* **DATA SECTION**
• • • •

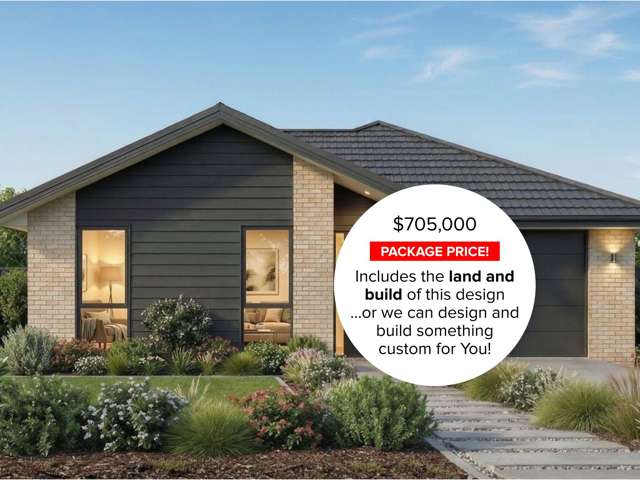 New Home & Land $705k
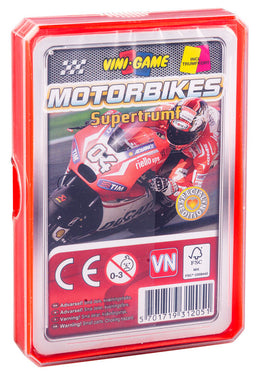 Bilkort - Motorcykler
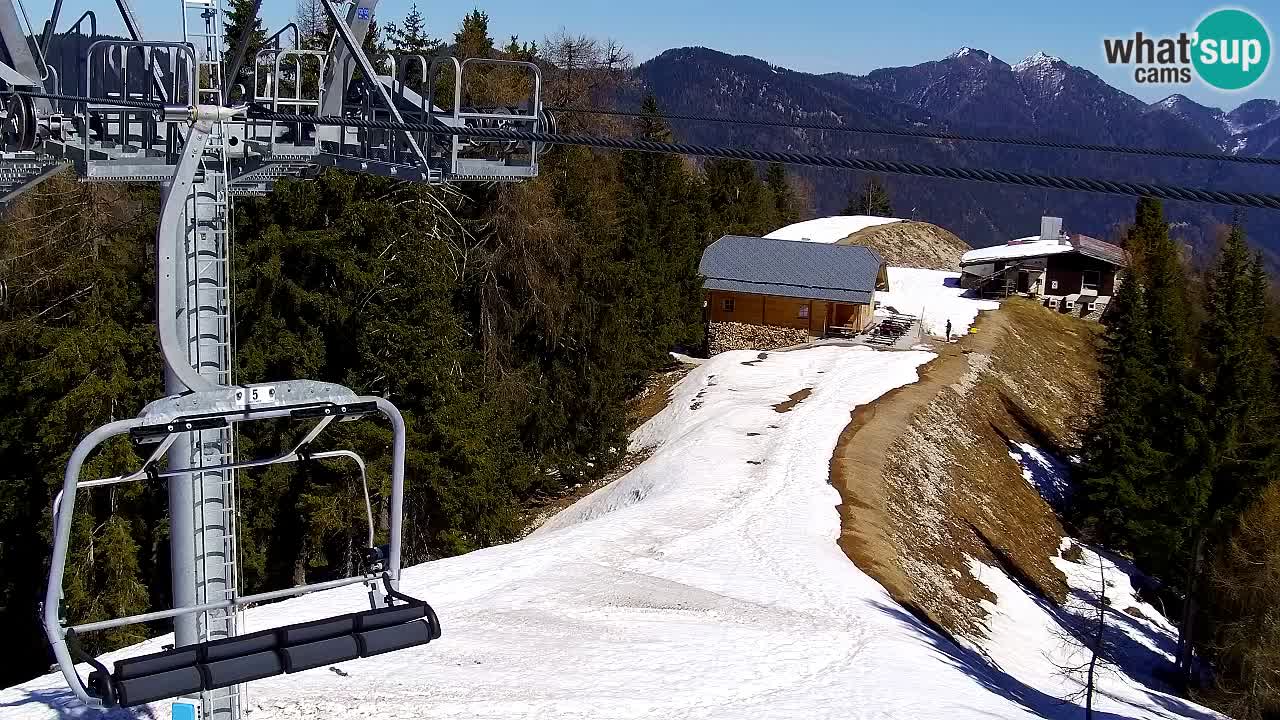 Webcam VITRANC 2 | Kranjska Gora – stazione superiore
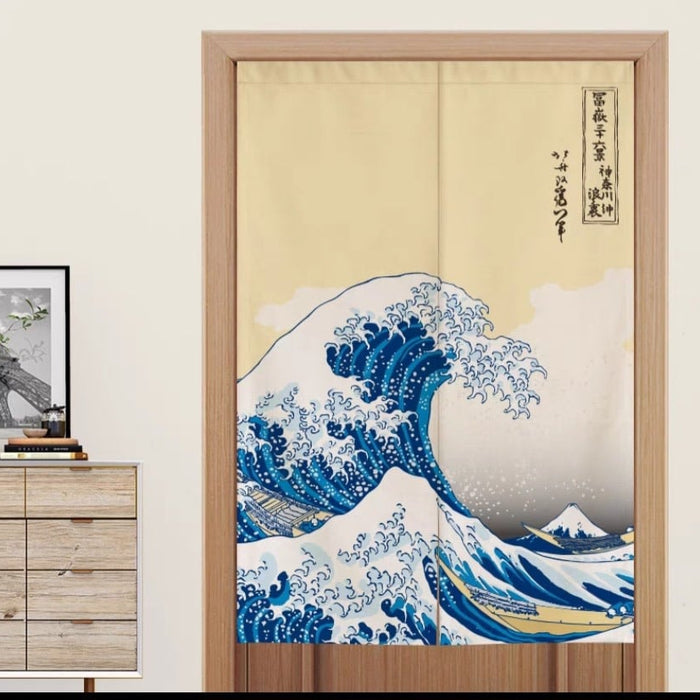 Fine Asianliving Japanse Noren Deurgordijn De Grote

• • • •

* **WORK REQUEST**
Only the lines from the one containing "Webcam VITRANC 2" through the last line of the data may appear in the answer, each given again exactly and with pictures left out.

* **TASK SOLUTION**
 Webcam VITRANC 2 | Kranjska Gora – stazione superiore
 Fine Asianliving Japanse Noren Deurgordijn De Grote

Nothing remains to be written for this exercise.